I figure it is still better than barehanded. Just a little extra insurance after cutting the house power and testing with a ohmmeter. Consider how thin electrical tape is.


----------



## Speedy Petey (Feb 1, 2004)

mike932 said:


> I figure it is still better than barehanded. Just a little extra insurance after cutting the house power and testing with a ohmmeter. Consider how thin electrical tape is.


WHY are you testing with an ohmmeter???

If you are that scared, even after killing the power and verifying that it is off, then you should not be messing with electrical work.


----------



## mike932 (May 12, 2011)

Speedy Petey said:


> If you are that scared, even after killing the power and verifying that it is off, then you should not be messing with electrical work.


I would respectfully disagree. The people who are NOT paranoid about electrical shocks are the ones who should not be messing with electrical work.


----------



## mike932 (May 12, 2011)

I meant multimeter, not ohmmeter.


----------



## Wildie (Jul 23, 2008)

If you put one hand in your pocket and wear rubber soled boots (without nails) the chances of getting electrocuted are small.
The real danger of electricity is getting a poke and falling off a ladder.


----------



## PaliBob (Jun 11, 2008)

mike932 said:


> .....The people who are NOT paranoid about electrical shocks........

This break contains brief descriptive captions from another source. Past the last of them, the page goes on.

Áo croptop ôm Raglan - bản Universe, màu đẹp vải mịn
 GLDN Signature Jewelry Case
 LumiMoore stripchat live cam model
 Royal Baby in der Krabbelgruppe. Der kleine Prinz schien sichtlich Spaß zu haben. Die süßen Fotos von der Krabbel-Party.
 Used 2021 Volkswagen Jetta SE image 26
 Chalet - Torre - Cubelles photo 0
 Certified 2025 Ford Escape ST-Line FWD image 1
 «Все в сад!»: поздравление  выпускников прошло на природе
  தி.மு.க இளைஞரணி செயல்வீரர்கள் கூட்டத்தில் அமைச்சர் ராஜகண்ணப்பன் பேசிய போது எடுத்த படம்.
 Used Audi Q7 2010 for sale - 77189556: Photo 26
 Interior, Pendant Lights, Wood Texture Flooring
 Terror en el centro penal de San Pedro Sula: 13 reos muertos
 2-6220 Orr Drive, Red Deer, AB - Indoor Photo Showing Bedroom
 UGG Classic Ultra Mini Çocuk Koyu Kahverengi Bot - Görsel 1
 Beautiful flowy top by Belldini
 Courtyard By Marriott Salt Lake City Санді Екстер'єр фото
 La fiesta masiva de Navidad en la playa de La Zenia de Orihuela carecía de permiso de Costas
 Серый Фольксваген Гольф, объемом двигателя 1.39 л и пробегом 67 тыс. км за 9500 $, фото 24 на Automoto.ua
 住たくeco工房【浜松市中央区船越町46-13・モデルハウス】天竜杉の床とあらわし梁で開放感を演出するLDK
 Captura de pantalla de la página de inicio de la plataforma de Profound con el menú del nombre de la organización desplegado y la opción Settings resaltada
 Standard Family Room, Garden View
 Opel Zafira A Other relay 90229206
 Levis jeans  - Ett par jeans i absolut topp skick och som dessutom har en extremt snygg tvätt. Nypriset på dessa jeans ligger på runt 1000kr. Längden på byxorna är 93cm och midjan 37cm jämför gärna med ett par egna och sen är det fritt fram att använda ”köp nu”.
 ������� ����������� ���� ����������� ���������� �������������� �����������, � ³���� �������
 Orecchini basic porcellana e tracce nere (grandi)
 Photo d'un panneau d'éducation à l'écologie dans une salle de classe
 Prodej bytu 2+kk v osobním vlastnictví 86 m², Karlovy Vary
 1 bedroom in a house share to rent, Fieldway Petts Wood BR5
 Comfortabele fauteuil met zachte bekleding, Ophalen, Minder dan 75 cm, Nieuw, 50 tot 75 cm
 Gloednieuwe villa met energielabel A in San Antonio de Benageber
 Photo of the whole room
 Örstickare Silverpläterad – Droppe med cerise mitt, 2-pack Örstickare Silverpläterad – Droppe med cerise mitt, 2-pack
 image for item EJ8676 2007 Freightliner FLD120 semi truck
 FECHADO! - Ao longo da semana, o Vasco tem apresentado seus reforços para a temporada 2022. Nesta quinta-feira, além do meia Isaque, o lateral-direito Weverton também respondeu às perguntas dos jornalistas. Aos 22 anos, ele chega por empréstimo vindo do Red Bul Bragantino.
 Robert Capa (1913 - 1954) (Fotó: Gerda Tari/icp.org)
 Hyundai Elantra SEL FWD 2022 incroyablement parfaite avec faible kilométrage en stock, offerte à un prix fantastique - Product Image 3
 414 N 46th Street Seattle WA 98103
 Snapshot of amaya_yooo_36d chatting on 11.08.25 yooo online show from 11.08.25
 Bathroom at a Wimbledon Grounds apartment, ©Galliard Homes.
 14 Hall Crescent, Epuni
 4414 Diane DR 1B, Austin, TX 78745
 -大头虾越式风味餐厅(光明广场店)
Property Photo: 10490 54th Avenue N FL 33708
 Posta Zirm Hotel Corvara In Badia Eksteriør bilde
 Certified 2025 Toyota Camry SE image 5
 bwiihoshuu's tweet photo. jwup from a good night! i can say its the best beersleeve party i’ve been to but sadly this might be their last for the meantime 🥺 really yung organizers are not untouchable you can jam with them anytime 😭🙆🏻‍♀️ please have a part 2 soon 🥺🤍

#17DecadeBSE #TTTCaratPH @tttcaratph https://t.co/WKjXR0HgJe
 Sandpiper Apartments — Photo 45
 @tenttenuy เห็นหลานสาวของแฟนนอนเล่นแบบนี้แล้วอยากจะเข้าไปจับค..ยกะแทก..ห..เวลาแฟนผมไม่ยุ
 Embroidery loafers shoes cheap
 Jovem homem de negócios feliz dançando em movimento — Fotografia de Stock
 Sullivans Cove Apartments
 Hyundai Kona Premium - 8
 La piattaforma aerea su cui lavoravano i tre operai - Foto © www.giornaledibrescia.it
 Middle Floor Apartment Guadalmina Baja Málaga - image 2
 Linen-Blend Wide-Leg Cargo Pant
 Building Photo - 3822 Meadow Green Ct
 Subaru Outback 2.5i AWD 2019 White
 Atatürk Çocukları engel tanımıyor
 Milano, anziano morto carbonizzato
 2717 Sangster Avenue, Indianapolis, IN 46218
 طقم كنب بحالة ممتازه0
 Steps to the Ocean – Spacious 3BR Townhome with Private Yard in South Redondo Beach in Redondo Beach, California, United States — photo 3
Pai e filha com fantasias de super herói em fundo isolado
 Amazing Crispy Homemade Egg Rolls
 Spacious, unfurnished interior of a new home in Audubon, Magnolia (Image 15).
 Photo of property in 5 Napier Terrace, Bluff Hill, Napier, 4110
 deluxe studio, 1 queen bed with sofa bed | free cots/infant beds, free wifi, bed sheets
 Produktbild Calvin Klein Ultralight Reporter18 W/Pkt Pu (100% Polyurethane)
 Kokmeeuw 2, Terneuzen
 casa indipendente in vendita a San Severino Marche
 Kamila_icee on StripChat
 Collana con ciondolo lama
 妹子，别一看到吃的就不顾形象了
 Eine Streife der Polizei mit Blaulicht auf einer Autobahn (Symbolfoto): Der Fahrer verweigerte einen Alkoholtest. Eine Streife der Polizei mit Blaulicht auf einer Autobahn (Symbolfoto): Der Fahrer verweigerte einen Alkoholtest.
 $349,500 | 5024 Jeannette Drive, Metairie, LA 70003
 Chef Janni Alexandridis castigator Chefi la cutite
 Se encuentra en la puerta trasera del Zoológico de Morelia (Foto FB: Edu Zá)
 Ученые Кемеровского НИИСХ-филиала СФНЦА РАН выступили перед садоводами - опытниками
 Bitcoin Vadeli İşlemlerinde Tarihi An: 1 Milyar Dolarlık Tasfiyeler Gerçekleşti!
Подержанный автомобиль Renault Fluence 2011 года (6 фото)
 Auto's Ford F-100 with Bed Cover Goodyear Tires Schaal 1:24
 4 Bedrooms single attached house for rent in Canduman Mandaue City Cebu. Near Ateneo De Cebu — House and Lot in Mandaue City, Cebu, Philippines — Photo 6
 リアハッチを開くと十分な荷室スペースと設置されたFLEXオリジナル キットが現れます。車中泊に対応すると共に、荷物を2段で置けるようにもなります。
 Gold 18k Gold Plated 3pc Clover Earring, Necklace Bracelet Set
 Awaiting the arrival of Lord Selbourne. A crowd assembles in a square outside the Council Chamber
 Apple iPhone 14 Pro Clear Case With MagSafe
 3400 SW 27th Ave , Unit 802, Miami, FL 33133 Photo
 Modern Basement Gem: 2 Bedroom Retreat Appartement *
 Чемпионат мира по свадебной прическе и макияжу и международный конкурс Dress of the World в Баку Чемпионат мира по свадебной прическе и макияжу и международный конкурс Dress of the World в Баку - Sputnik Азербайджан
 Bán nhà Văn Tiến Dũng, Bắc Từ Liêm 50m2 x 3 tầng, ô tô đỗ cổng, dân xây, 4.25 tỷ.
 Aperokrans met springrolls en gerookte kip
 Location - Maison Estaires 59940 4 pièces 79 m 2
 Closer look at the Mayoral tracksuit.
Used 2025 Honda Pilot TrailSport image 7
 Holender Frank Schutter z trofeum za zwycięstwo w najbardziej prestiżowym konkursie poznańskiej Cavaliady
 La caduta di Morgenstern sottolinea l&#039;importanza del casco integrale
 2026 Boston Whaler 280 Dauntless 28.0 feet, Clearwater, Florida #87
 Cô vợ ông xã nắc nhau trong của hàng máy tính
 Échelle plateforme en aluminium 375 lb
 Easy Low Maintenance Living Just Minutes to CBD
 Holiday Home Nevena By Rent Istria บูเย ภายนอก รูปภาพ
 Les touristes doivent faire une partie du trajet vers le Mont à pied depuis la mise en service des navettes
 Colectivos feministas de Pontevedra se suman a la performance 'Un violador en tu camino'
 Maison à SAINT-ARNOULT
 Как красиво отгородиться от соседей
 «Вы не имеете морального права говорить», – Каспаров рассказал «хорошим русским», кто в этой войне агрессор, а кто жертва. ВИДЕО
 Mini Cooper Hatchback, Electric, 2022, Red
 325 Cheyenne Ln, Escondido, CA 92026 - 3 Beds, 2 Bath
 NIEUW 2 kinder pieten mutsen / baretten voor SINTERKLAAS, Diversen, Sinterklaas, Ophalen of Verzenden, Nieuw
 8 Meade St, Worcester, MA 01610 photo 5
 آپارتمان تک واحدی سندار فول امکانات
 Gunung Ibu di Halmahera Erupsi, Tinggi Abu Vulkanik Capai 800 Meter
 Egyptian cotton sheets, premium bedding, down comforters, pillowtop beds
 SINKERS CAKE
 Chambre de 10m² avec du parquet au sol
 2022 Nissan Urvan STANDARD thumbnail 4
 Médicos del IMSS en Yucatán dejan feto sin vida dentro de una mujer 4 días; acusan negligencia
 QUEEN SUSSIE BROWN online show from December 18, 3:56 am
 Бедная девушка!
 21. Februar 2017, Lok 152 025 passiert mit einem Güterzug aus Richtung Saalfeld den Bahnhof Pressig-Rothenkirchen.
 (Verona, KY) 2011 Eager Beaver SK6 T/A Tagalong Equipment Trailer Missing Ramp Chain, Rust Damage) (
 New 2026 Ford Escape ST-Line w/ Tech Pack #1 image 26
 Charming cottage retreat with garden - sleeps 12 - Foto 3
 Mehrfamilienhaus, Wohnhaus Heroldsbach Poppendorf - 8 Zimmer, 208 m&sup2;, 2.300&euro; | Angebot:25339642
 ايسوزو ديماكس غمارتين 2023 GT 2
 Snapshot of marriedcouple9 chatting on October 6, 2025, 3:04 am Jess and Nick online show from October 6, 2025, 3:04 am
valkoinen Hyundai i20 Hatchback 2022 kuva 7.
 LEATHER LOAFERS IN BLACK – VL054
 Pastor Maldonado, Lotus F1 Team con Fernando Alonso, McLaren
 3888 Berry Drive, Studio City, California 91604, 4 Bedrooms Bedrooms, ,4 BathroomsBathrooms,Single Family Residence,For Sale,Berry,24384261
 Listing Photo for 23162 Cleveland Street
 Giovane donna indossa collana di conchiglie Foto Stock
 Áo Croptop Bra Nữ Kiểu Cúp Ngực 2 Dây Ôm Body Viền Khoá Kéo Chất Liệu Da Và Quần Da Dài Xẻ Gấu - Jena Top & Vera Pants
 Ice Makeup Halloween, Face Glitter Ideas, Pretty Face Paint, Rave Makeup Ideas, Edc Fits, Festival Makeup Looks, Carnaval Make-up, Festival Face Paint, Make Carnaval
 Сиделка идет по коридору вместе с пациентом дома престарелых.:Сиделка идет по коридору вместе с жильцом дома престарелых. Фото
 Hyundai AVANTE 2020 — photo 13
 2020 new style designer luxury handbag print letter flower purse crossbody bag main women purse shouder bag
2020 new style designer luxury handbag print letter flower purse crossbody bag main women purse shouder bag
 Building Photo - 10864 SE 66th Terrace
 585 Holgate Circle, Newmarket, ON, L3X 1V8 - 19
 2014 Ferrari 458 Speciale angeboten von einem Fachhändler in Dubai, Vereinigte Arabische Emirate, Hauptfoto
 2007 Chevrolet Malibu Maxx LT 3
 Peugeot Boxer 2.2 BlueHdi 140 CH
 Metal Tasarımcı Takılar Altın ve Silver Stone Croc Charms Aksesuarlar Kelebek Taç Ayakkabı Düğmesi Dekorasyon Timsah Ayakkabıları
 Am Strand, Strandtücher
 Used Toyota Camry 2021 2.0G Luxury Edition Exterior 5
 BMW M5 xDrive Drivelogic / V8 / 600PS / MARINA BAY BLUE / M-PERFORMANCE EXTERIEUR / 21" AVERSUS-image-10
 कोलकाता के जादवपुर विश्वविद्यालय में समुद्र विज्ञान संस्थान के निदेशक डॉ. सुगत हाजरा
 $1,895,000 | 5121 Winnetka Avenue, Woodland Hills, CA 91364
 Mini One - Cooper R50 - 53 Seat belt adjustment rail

 Then in your case you would be safer using something like *this*.
.


----------



## dberladyn (Apr 24, 2011)

I wouldn't use gloves! The power is OFF! Simple to check if you are that paranoid. If anything gloves will make you clumsy and in my opinion that will only increase the chance that you slip and foul the wires.

Anyways to each his own.


----------



## Speedy Petey (Feb 1, 2004)

mike932 said:


> I would respectfully disagree. The people who are NOT paranoid about electrical shocks are the ones who should not be messing with electrical work.


And I will strongly disagree right back at 'cha. 

If you are scared or paranoid AT ALL, PLEASE leave this to someone else who has *respect* for electricity, NOT fear.


----------



## busman (Nov 7, 2008)

Call it respect or fear, whatever you want. The reality is, the only way to be sure to not get shocked is to not work on electrical systems. "Turning it off and verifying" is not always enough. I'll give you a story.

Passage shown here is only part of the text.